A rectangular coconut grove is 100 m long and 50 m wide. If each coconut tree requires 25 sq m, what is the maximum number of trees that can be planted in this grove?
Solution:
Length of the rectangular coconut grove = 100 m
and, breadth = 50 m
Area of the grove = 100 × 50 = 5000 sq m
Each coconut tree requires space = 25 sq m
∴ The maximum number of trees that can be planted in the grove \(\frac{5000}{25}\) = 200
Question 4.
By splitting the following figures into rectangles, find their areas (all measures are given in metres) :
Solution:
(a) Let the figure be divided into rectangles A. B. C and D.

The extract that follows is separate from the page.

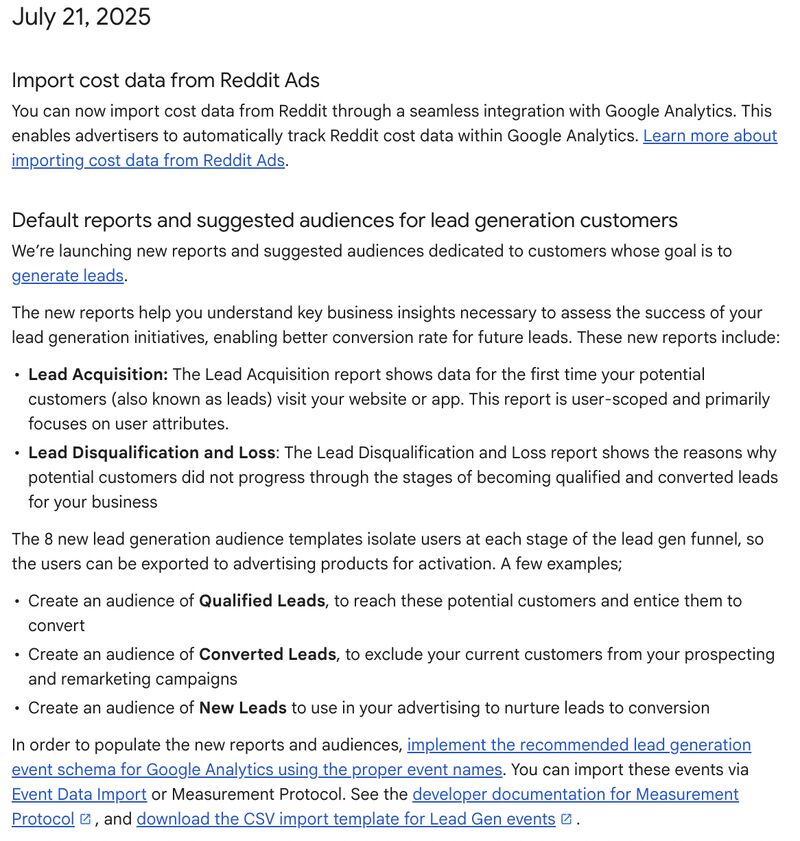Import cost data from Reddit Ads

Area of rectangle A = (3 × 3) sq m = 9 sq m
Area of rectangle B = (1 × 2) sq m = 2 sq m
Area of rectangle C = (3 × 3) sq m = 9 sq m
Area of rectangle D = (4 × 2) sq m = 8 sq m
∴ Total area of the figure
= (9 + 2 + 9 + 8) sq m
= 28 sq m
(b) Let the figure be divided into rectangles A, B and C as shown in the figure.

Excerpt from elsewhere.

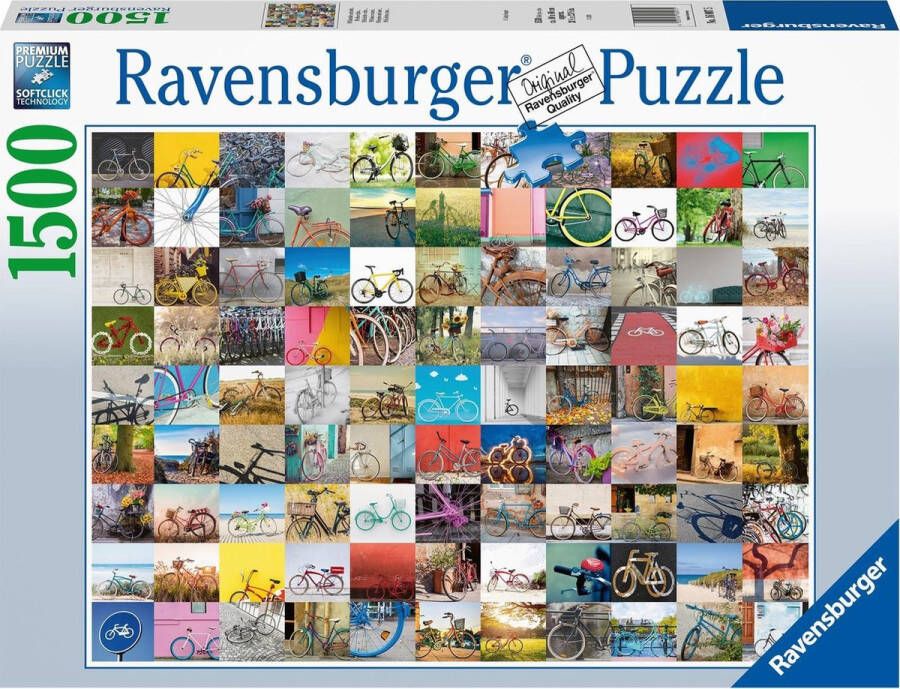 Ravensburger puzzel 99 Fietsen en Meer…. Legpuzzel 150 stukjes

Area of the rectangle A = (2 × 1) sq m = 2 sq m
Area of the rectangle B = (5 × 1) sq m = 5 sq m
Area of the rectangle C = (2 × 1) sq m = 2 sq m
∴ Total area of the figure = (2 + 5 + 2) sq m = 9 sq m
Figure it Out (Page 139)
Cut out the tangram pieces given at the end of your textbook.
Question 1.
Explore and figure out how many pieces have the same area.
Solution:
Here, two pieces A and B have the same area. Similarly, shape C and E have the same area.
Question 2.
How many times bigger is Shape D as compared to Shape C? What is the relationship between Shapes C, D and E?
Solution:
Shape D is two times bigger as compared to shape C. Clearly, the areas of shape C and E added together is equal to the area of shape D.
Question 3.
Which shape has more area: Shape D or F? Give reasons for your answer.
Solution:
Here, the middle triangle and the square are made up of two small triangles, each of them having area twice the area of the surrounding triangle so, shape D and F have the same area.
Question 4.
Which shape has more area: Shape F or G? Give reasons for your answer.
Solution:
Here, the middle triangle and rhombus are made up of two small tangram triangles, each of them having twice the area of the small triangle. So F and G both have the same area.
Question 5.
What is the area of Shape A as compared to Shape G? Is it twice as big? Four times as big?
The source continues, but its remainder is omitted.